-- Opening Marker --

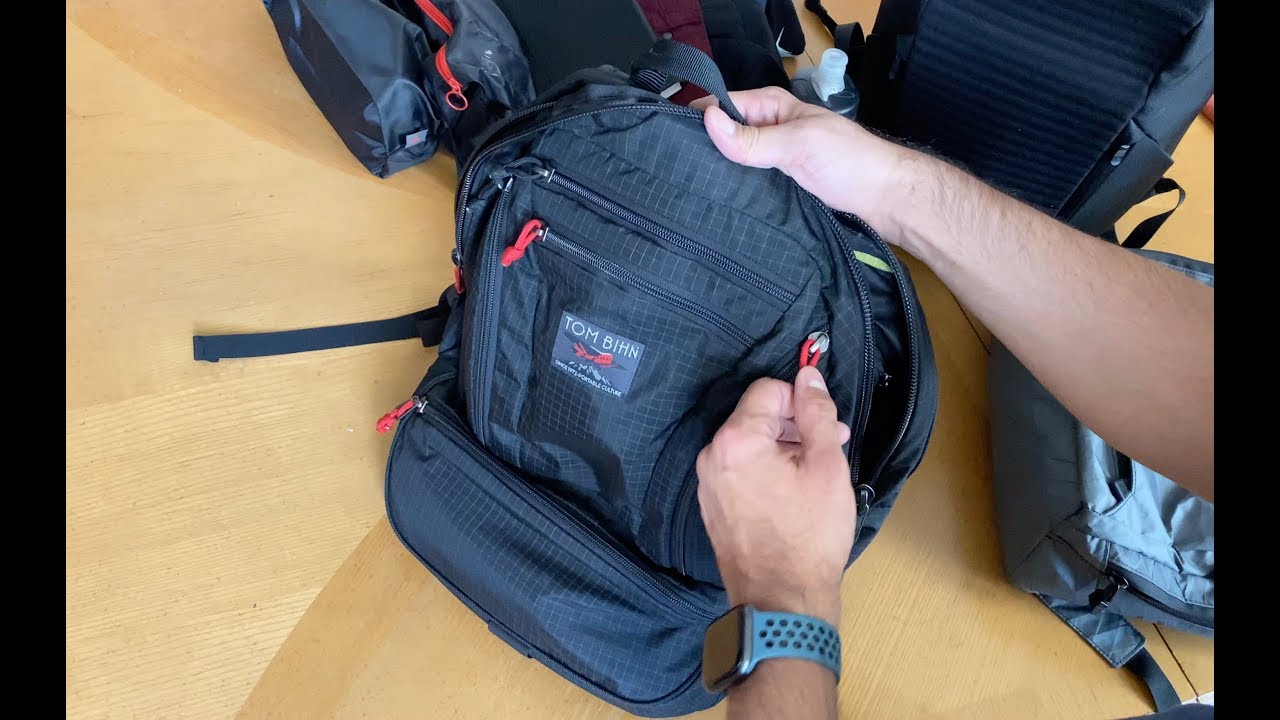 Tom Bihn Synapse 25 Long Term Review [2019]
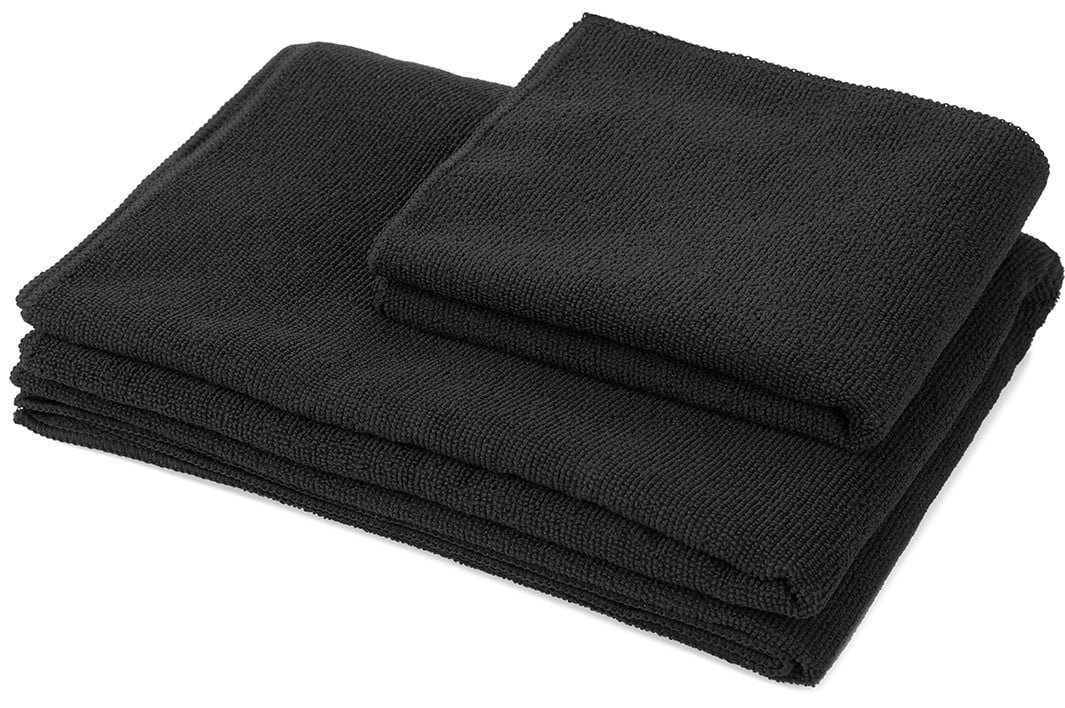 BalanceFrom 7-Piece Set - Include 1/2" Thick Yoga Mat with Carrying Strap, 2 Yoga Blocks, Yoga Mat Towel, Yoga Hand Towel, Yoga Strap and Yoga Knee Pad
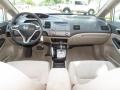 Taffeta White - Civic EX Sedan Photo No. 14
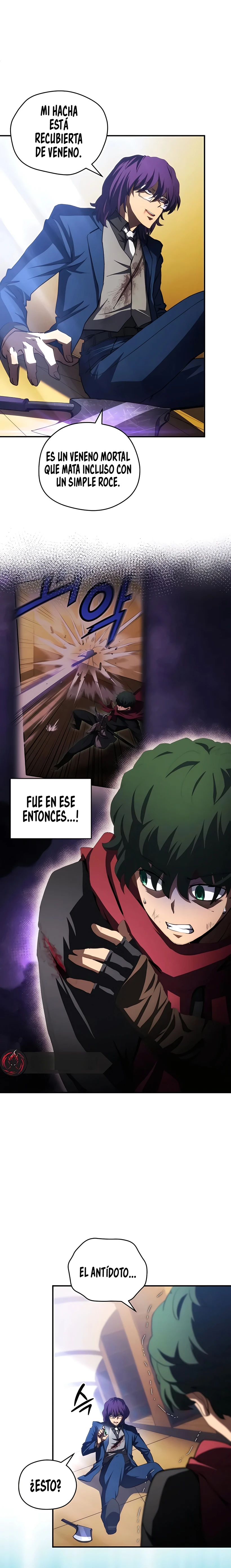 Read CLASIFICACION SALVAJE ES Manga Online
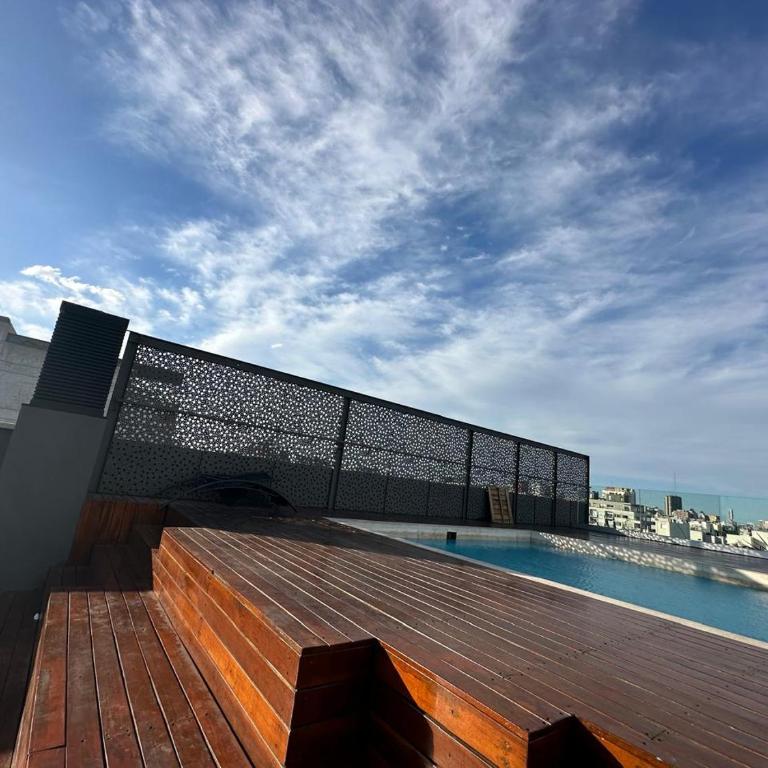 Departamento con Balcón en Palermo - Apartamento de 1 dormitorio - 14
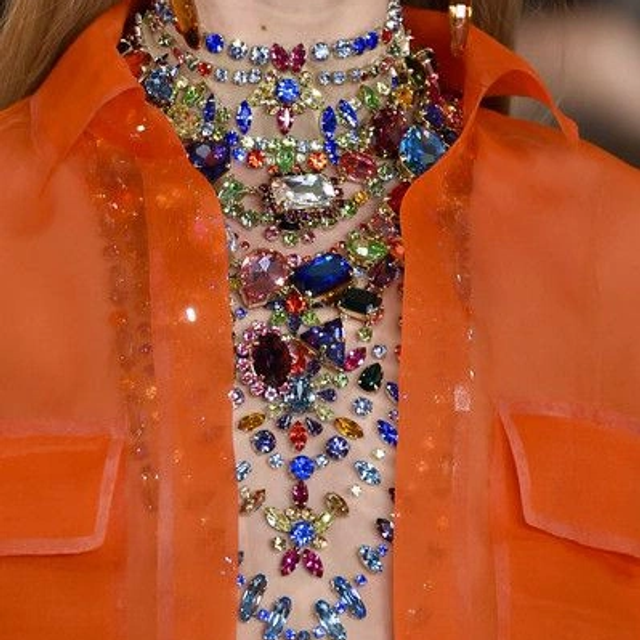 Jeweled Mundane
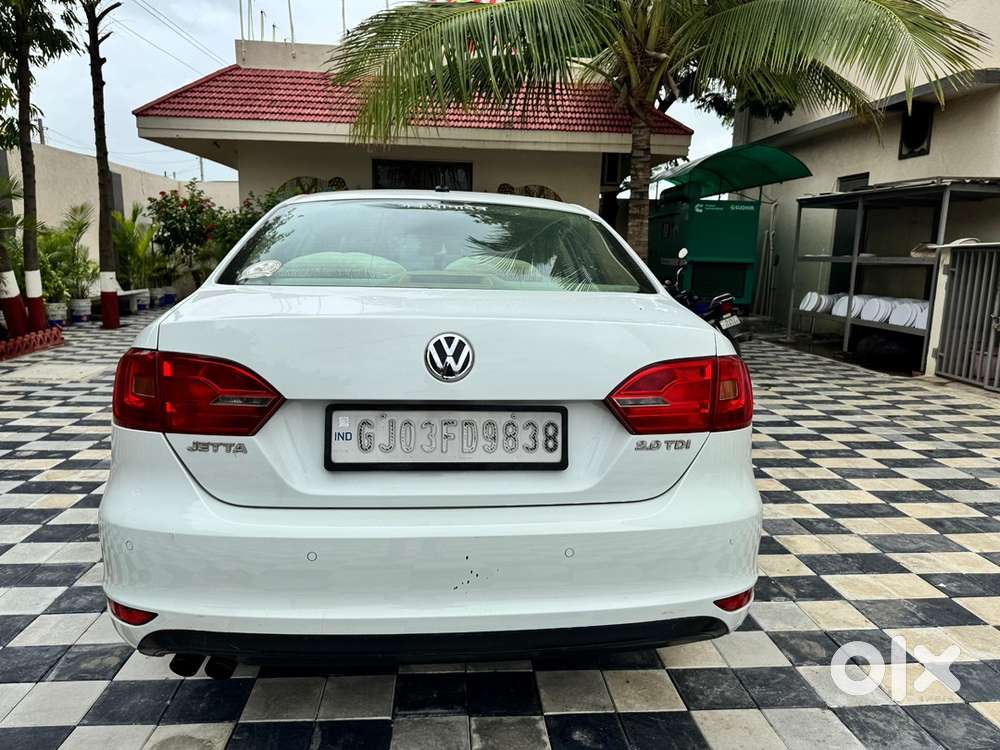 Volkswagen Jetta Diesel 2014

-- Closing Marker --

What's needed is an exact copy of every entry, free of pictures.

 Tom Bihn Synapse 25 Long Term Review [2019]
 BalanceFrom 7-Piece Set - Include 1/2" Thick Yoga Mat with Carrying Strap, 2 Yoga Blocks, Yoga Mat Towel, Yoga Hand Towel, Yoga Strap and Yoga Knee Pad
 Taffeta White - Civic EX Sedan Photo No. 14
 Read CLASIFICACION SALVAJE ES Manga Online
 Departamento con Balcón en Palermo - Apartamento de 1 dormitorio - 14
 Jeweled Mundane
 Volkswagen Jetta Diesel 2014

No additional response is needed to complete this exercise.